Annotation Formats Flashcards
Why do we need/use annotation formats?
Documents are often human readable but not machine readable
What are annotations?
added like markup to a text document (not the original format)
What is important when creating annotations?
A convention must be followed
What is the purpose of annotation (3)
- presentation
- metadata
- understanding content
What are the types of annotation formats (3)
- boundary notation
- inline markup elements
- standoff (delimiter separated values csv, json)
What is boundary notation?
The application of annotation to each individual token,
Give an example of boundary notation
BIO- begin, inside, outside
What are the benefits (1) and disadvantages (1) of BIO
- simple
- cant handle hierarchical or structured annotations like nesting, relations or events
Give an example of a nested entity
“the British prime minister boris johnson”

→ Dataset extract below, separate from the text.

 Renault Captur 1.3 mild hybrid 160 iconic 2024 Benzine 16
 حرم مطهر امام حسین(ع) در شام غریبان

Given an example of an event
The iraq, us war
What are the benefits (1) and disadvantages (2) of inline markup
- can cope with nested, hierarchical and structured (i.e. events)

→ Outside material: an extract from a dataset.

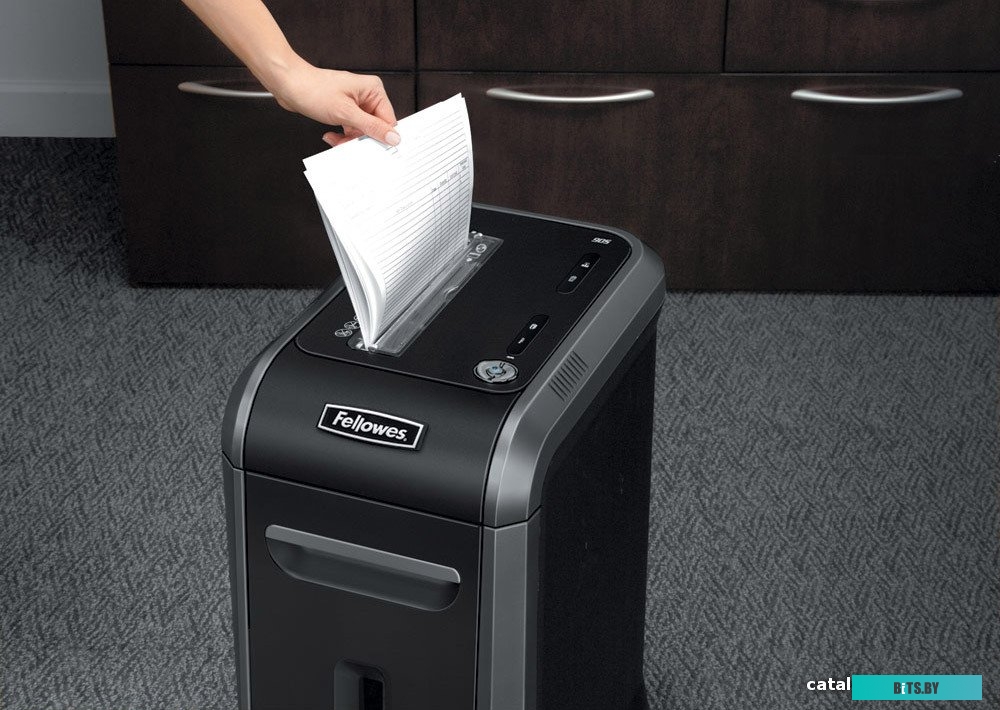 Шредер Fellowes® Powershred® FS-46910 99Ci, DIN P-4, 4х38 мм, 17 лст., 34 лтр., 100% Jam Proof™, SafeSense™, уничт.: скобы, пл.карты, скрепки, CD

- requires substantial processing
- cant encode overlapping/intersecting annotations
Give an example overlapping/intersecting annotation
“the Iraq city of Basra”
What are stand off annotations?
Annotations stored separately from the document (requires a way to link). We link annotations using indexing on character offsets
What are the benefits (2) and disadvantages (1) of stand off annotations
- original text is left untouched
- handles overlapping and structured
- not human readable because of the separation